Baca Juga: MRP Minta Pemerintah dan DPR Tak Tergesa Bahas Pemekaran Papua
Menurut Rossy, potensi permasalahan di Papua bermula dari kesenjangan sosial sejak zaman Presiden Soeharto. Selama lebih 32 tahun, Papua ditinggalkan dan dianaktirikan. Pengalaman lebih 20 tahun Otsus Papua juga tidak mampu menyejahterakan orang asli Papua, hanya elite politik saja. Masyarakat tidak mengalami perubahan dalam kehidupan, pendidikan, kesehatan, dan ekonomi.
”Keputusan soal pemekaran DOB ini dilakukan secara tidak transparan yang dapat memicu konflik lainnya terutama yang berkaitan dengan masyarakat adat. Papua memiliki tujuh wilayah adat yang apabila pembagian wilayah tidak dilakukan secara jelas dan transparan akan terjadi kesalahpahaman di masyarakat yang berujung konflik horisontal,” tambah Rossy.
Rossy menegaskan bahwa Otsus Papua harus menginternalisasi karakteristik lokal ke dalam sistem pemerintahan daerah di Provinsi Papua. Otsus melalui pendekatan antropologis ini bisa dilakukan dengan program ketahanan pangan hingga pemberdayaan masyarakat sesuai mata pencarian.
Gubernur Papua dukung
Terpisah, Staf Khusus Mendagri Bidang Politik dan Media, Kastorius Sinaga, dalam keterangan tertulisnya menyampaikan bahwa Gubernur Provinsi Papua Lukas Enembe Jumat (17/6) sore menghadap Menteri Dalam Negeri Tito Karnavian di ruang kerja Mendagri di Jalan Medan Merdeka Utara, Jakarta.
Mendagri pada pertemuan itu, kata Kasto, menyampaikan pandangan tentang pemekaran Papua dengan rencana membentuk tiga Daerah Otonomi Baru (DOB), yaitu Provinsi Papua Tengah, Pegunungan Tengah dan Papua Selatan yang RUU-nya kini sedang berproses di DPR.
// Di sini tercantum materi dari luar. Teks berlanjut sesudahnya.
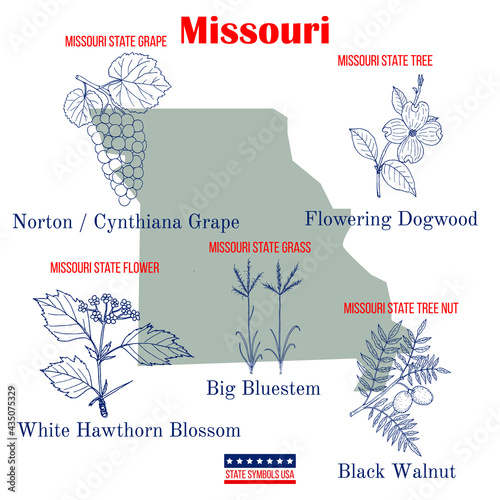 Missouri. Set of USA official state symbols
Mendagri menegaskan bahwa Presiden Joko Widodo memberi perhatian serius pada pembangunan dan kemajuan Papua. Ini terlihat dari dari seringnnya Presiden mengunjungi Papua hingga ke pelosok, terhitung sampai 14 kali.
Baca Juga: Pembahasan Pemekaran Papua Tak Terbendung
”Pemekaran dan UU Otsus yang baru dirancang untuk mempercepat pembangunan Papua dan meningkatkan kesejahteraan warga Papua,” kata Tito.
Menurut Kastorius, Tito kemudian bertanya langsung kepada Lukas Enembe tentang sikapnya terhadap pemekaran Papua, yang sempat diberitakan menyatakan penolakan. ”Siap Bapak Menteri, kami mendukung,” jawab Lukas Enembe seperti disampaikan Kastorius.
Kepada Mendagri, Lukas Enembe sempat mengusulkan agar skenario pemekaran Papua menempuh pembagian berdasarkan wilayah adat menjadi tujuh provinsi. Mendagri memberikan jawaban dengan mengatakan bahwa usul itu akan diakomodasi mengikuti kondisi dan kemampuan keuangan negara. Untuk saat ini, kata Mendagri, pemekaran tiga provinsi baru di Papua menjadi prioritas yang sedang dibahas di DPR.